Ces accompagnateurs, chacun aimanté par des thèmes différents, ont ouvert de nouveaux chemins. Leurs oeuvres dégagent une grande liberté de pensée et de ton, ce qui montre qu’être marqué par Jung, ce n’est pas être formaté, c’est vivre sa propre expérience des profondeurs, aller soi-même « à la découverte de son âme « .
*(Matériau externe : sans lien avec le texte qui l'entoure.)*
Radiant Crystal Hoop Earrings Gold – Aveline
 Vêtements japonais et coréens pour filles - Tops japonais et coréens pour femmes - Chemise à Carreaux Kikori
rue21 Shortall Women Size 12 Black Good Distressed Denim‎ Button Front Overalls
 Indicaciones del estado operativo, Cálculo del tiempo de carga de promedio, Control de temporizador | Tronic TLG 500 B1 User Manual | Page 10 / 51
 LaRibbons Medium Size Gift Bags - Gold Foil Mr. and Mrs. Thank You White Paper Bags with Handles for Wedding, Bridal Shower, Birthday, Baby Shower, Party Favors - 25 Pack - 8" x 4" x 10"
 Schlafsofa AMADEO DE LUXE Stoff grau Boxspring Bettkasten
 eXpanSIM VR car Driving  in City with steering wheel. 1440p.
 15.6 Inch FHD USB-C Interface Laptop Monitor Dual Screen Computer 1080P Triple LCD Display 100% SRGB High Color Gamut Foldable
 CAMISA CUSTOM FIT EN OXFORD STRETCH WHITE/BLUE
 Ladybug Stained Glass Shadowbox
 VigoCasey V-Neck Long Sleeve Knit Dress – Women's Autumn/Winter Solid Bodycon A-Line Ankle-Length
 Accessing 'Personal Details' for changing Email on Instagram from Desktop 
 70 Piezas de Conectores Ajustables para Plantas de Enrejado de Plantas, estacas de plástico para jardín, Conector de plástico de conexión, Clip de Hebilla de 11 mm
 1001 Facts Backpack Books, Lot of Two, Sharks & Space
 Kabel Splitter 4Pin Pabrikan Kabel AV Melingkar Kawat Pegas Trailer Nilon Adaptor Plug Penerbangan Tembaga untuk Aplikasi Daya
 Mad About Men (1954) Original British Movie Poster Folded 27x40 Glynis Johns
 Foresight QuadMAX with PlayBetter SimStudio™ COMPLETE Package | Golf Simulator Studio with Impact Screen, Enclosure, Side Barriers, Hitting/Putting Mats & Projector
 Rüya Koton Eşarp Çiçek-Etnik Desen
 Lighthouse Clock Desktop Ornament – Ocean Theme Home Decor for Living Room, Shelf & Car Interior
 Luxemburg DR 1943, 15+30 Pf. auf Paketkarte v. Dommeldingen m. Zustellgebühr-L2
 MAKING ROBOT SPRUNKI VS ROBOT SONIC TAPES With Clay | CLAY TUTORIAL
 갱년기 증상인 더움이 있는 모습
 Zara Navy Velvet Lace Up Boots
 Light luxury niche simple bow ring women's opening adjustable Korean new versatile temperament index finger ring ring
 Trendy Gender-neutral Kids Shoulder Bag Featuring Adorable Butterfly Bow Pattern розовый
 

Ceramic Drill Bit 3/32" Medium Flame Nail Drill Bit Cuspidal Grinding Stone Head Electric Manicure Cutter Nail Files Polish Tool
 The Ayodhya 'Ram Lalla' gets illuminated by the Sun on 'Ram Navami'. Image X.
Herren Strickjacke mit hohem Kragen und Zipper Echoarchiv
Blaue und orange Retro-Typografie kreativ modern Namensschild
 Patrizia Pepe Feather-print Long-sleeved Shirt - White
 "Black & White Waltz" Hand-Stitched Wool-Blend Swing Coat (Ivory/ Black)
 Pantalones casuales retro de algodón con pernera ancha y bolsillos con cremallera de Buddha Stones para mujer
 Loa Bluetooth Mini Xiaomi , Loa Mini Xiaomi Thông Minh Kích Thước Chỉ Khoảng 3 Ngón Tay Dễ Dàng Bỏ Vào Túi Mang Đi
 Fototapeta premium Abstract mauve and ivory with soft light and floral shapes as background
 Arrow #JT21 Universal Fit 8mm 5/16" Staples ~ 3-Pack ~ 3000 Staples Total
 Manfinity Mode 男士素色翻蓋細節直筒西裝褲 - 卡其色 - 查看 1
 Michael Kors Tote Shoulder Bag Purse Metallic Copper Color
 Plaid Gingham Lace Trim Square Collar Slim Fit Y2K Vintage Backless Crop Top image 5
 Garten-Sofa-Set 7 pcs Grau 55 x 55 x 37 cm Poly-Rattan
Propos recueillis par Mireille Rosselet-Capt – Novembre 2023

Éditeur : Labor et Fides – 2023 – 232 pages – ISBN 9782830918229 – 12,7 x 20.3 x 1,8 cm

Bernard Hort

Bernard Hort s’intéresse depuis plusieurs années à la personne de Jung, à son oeuvre et à sa place dans l’histoire des idées. Docteur en théologie (Lausanne) et habilité à diriger des recherches (Strasbourg), il a été longtemps professeur à la Faculté universitaire de théologie protestante de Bruxelles.

Mireille Rosselet-Capt

Analyste jungienne diplômée et accréditée de l’Institut C. G. Jung de Zürich, Mireille Rosselet-Capt est titulaire d’un double master en Lettres (1984) et en Psychologie (2006).

Elle a pratiqué la profession d’enseignante en psychologie avant de devenir psychologue-psychothérapeute et analyste en pratique privée. La transmission des fondements de la psychologie analytique à un public élargi lui tient à cœur.